**Try it**.
This exercise asks for every line of the material that includes the word "beads".

───── Data extract

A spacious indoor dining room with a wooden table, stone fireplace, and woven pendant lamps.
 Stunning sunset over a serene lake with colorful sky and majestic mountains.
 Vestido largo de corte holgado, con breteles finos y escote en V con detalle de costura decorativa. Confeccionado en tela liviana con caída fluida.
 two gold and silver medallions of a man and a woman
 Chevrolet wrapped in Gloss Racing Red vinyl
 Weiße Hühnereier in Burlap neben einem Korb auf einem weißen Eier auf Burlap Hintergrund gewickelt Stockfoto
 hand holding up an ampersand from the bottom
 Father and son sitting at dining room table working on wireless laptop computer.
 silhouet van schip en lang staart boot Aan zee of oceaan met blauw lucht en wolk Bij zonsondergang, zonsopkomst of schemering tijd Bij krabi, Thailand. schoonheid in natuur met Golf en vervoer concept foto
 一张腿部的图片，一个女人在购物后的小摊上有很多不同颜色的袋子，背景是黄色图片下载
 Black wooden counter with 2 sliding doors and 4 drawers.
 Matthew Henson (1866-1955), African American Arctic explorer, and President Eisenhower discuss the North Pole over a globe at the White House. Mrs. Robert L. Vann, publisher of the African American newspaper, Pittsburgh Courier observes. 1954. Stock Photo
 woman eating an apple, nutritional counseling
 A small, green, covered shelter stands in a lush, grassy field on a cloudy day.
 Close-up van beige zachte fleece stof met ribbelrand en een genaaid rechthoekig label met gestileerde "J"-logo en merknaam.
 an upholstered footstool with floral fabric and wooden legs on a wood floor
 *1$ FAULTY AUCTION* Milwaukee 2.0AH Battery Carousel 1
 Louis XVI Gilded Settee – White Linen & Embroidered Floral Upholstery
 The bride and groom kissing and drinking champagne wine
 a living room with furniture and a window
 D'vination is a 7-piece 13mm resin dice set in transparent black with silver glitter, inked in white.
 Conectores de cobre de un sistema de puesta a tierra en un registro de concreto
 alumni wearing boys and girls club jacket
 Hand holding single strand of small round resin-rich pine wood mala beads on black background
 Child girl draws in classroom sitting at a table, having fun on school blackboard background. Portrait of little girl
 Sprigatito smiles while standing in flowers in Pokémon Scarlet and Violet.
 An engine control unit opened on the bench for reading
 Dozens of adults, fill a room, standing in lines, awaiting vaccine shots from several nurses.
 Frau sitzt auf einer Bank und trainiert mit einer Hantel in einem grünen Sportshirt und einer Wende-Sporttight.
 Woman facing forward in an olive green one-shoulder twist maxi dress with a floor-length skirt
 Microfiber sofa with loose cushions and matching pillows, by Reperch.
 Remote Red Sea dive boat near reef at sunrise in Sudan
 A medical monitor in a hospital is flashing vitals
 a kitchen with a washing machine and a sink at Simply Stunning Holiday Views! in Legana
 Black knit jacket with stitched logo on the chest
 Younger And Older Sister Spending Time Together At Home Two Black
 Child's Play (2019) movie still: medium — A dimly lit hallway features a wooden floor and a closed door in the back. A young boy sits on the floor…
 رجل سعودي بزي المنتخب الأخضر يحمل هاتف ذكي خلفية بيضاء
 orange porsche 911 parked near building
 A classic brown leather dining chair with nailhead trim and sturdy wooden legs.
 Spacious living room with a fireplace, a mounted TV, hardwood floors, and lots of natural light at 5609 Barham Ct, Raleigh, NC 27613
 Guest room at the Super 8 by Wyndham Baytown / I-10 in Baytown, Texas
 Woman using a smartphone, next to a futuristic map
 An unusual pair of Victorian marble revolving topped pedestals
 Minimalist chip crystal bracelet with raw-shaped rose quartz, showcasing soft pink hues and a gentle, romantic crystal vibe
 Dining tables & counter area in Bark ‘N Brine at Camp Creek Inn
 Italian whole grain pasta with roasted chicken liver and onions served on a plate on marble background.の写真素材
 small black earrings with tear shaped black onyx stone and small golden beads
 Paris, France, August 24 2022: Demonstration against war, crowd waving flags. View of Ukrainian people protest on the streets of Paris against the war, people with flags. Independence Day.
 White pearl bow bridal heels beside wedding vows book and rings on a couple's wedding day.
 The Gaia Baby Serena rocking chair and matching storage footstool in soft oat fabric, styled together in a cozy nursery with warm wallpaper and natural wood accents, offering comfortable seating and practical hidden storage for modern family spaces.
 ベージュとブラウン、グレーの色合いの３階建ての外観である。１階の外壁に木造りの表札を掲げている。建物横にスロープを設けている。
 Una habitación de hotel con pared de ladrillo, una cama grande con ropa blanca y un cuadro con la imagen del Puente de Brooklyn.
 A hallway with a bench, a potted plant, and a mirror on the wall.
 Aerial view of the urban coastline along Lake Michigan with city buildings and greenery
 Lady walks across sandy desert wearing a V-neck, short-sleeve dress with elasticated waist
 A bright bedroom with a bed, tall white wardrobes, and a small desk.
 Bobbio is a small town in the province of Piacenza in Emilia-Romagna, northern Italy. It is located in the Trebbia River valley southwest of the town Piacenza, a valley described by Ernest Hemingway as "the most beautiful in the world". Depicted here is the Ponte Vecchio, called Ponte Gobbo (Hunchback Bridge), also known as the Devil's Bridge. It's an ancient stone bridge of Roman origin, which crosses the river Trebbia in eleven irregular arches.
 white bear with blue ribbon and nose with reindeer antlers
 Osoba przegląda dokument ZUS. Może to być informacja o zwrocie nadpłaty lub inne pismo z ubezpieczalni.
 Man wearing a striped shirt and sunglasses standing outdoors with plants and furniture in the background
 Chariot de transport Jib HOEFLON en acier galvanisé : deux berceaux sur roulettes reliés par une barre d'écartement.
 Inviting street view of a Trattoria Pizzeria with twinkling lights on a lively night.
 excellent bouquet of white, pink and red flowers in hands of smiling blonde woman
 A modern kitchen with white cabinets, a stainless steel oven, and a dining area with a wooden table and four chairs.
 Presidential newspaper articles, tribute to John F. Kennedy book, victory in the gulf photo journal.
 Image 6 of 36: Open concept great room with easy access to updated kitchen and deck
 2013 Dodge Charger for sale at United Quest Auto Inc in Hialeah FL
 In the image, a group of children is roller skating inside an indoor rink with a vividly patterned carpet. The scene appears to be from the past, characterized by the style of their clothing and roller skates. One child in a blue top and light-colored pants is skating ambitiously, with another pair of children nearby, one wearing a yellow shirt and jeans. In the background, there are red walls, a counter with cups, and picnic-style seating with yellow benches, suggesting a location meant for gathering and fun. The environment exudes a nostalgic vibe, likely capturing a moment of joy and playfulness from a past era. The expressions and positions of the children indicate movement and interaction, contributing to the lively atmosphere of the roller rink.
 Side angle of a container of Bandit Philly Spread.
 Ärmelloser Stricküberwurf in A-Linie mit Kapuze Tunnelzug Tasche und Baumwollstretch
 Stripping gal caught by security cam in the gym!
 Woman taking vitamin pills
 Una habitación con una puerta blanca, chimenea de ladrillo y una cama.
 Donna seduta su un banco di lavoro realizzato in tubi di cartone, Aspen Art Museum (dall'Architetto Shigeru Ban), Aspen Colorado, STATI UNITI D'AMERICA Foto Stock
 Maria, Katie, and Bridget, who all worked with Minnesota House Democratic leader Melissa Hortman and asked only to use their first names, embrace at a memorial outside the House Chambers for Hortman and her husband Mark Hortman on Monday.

──────────

**Written reply**.
 Hand holding single strand of small round resin-rich pine wood mala beads on black background
 small black earrings with tear shaped black onyx stone and small golden beads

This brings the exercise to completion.